Today’s comment from Dagens Næringsliv


Svein Gjedrem, Governor of the Norwegian Central Bank, has made a mistake and has shot completely wide of the inflation target it is his job to meet. His task is to keep inflation, adjusted for energy prices and tax costs, at 2.5 per cent. Figures published yesterday show that the adjusted rate of inflation in May was as low as 1.2 per cent. This is more than the one per cent margin of error he is allowed, and means Mr Gjedrem has some explaining to do. He has shot wide – and then some. He has shot wide on the wrong side. It is worse to drive the economy too far down than too high up. He shot wide because he did not see what other people saw. Mr Gjedrem was more optimistic than others in his forecasts for the Norwegian economy. He believed the economic temperature would be higher than, for example, Statistics Norway did.

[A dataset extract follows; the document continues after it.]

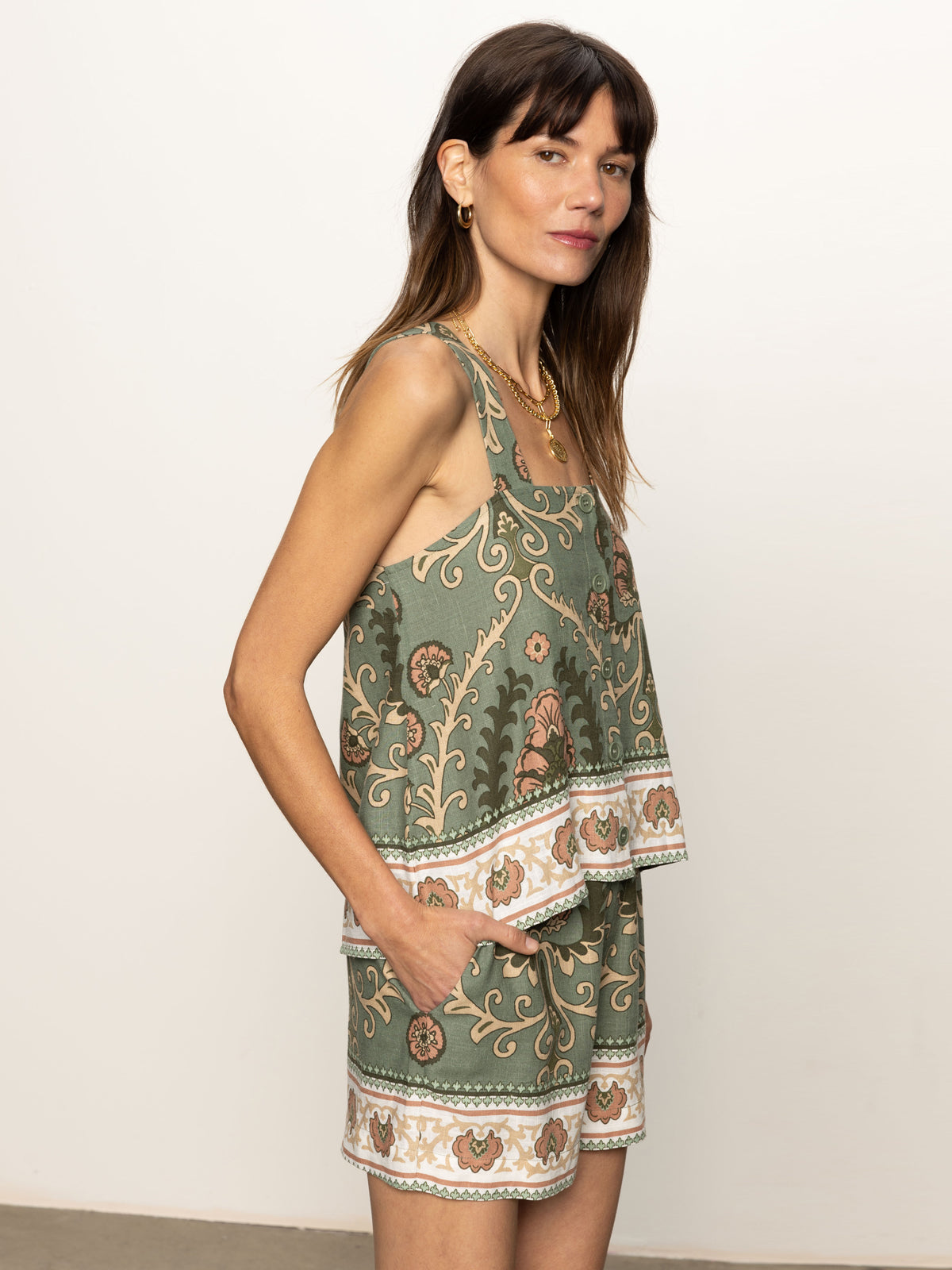 A woman with long brown hair and gold hoop earrings poses sideways, hands in pockets, wearing the Sanctuary Clothing's "button back cami mezzo sage" top and matching shorts against a plain white background.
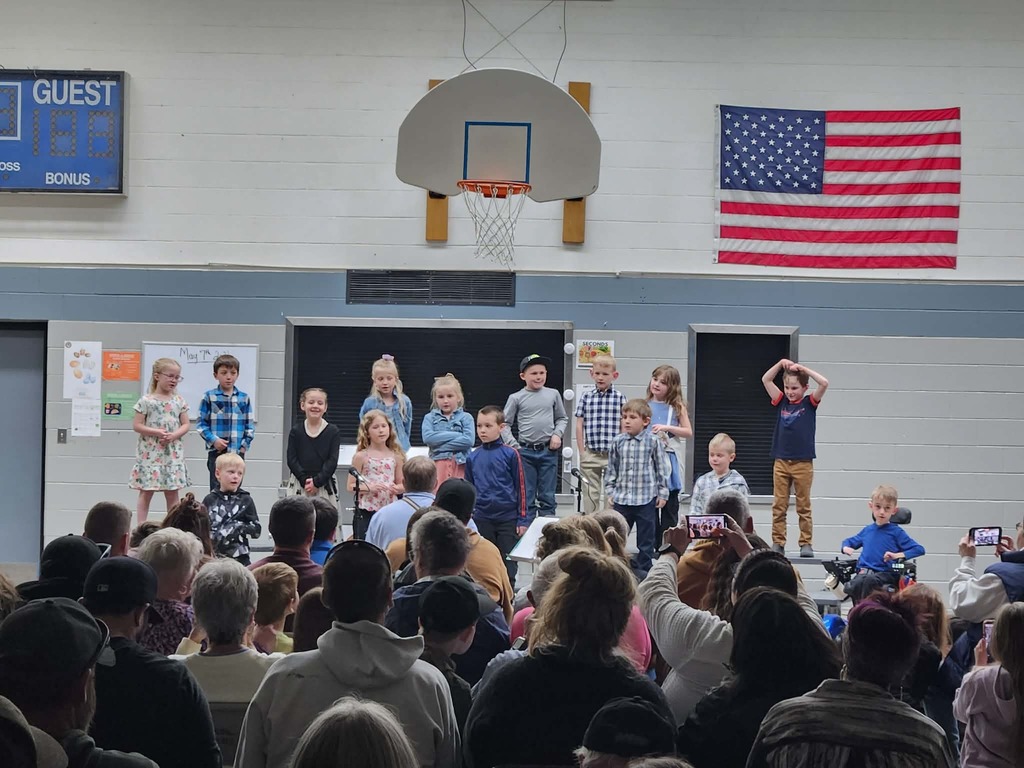 students performing songs on the riser in front of audience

So he kept interest rates high. Nor was Mr Gjedrem as alarmed as he should have been when the Norwegian krone (NOK) strengthened. Instead of trying to talk the NOK down, he talked about the wonderful efficacy of a strong currency in tightening up the economy. He denied that it was possible to talk the NOK down, but managed the job perfectly when he finally made the attempt. And now he has once again shown that he really is capable of bringing the exchange rate down. Since his comments last Thursday, when he said that a double cut in interest rates could be in the offing, the NOK has lost more than four per cent in value. An inflation rate of around one per cent is not dangerous in itself, not when the most important explanation lies in low growth in the price of imports. But when it coincides with falling economic activity and rising unemployment, the situation becomes serious. All this is not Mr Gjedrem’s fault alone. This year is the first year in which we see the results of a monetary policy that demands interest rates be set on the basis of an expected inflation rate two years ahead. The verdict so far is that there is an obvious need for improvement, not least in terms of how the exchange rate is to be handled under such a regime. Even though there is no definite requirement in the currency regulations for an immediate report from the central bank governor when he makes such a large error, Mr Gjedrem should issue an explanation as soon as possible.